The last thing to be discussed for this portion of the paper is the overall effectiveness of the service for cloud computing applications. It is very effective in ensuring that user’s information is kept secure and private from prying eyes. This creates an extremely popular and effective service that many are utilizing through a third party. As mentioned before, the speed might not be the best but the tradeoff is making sure that the information is kept safe which is exactly what cryptography as a service does for cloud environments and distributed applications.

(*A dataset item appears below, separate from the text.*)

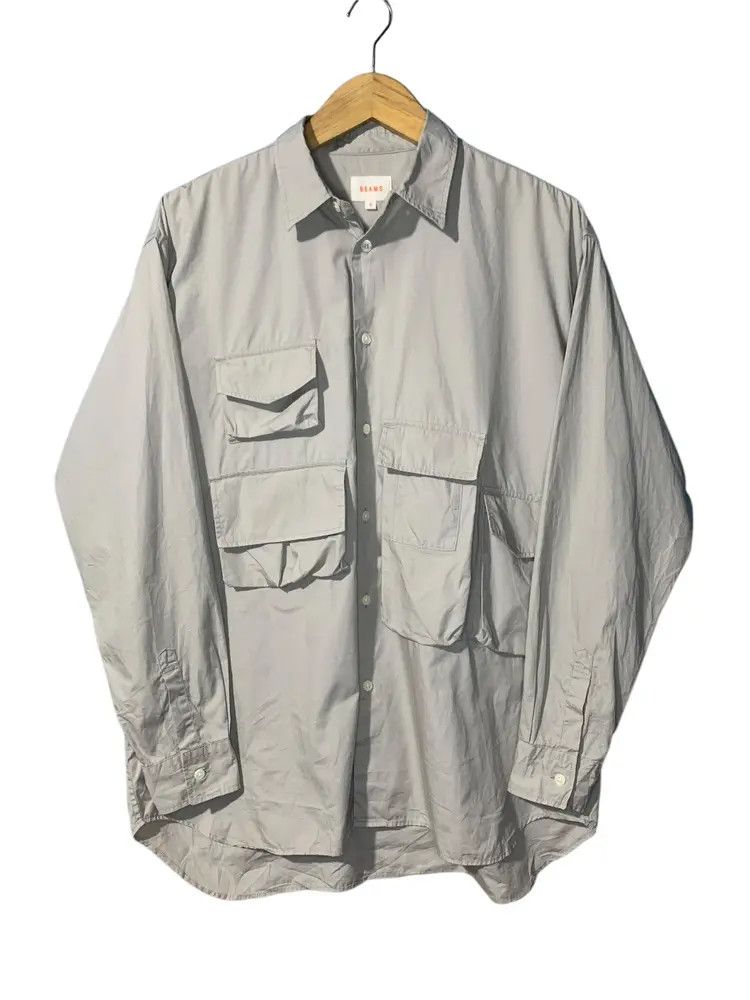 Beams Plus SS19 BEAMS 3D multi pocket cargo shirt tactical oversized Size US L / EU 52-54 / 3 - 1 Thumbnail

When considering a solution to a problem it is important that we observe all options and what the advantages and disadvantages might be of each possible solution. This is to make sure that what you are choosing is the absolute right choice for a client that will fit their and the company’s goals to ensure user information is secure. The other possible solutions that will be briefly discussed are Security Enforcement Mechanisms (SEMs) and custom built solutions  . These are the two typical other forms of thwarting that companies may implement to protect user’s information and data.
SEMs include items such as firewalls, safes, guards, cryptography software, etc. Even though this might introduce cryptography into the equation, the overall implementation might be totally different. This system can be better in a variety of different ways. It has the capacity to be more responsive, allows better design decisions, etc. On the other hand, it might be lacking in some areas. Unlike CaaS, the company will be tasked with configuring the networks with the hardware solution and then a security team to create and configure a software solution. This is added overhead that must be tackled if this is the chosen route over CaaS  .
The last alternative before the conclusion that will be observed is creating our own solution. When this is done, a company must build their software from the ground up and might require extra time for tweaking and making sure that all of the bases are covered. On the other hand, it beats CaaS in the realm of the level of flexibility. The party can then customize the software to meet their exact needs instead of trying to make CaaS work for what they have or want. This means their choice of architecture, algorithm(s) used, etc. CaaS does come out as being ready to use out of the box for the most part and maybe be more convenient in certain situations.
In this paper we discussed cryptography as a service for both the mobile and cloud environments. We have seen that CaaS is extremely flexible and can be implemented in a variety of techniques. Since this is the case, it means that this might not be the best solution. Overall, CaaS is a growing and emerging field currently and is being implemented by many companies across the globe and might change the way that information security is viewed in the future.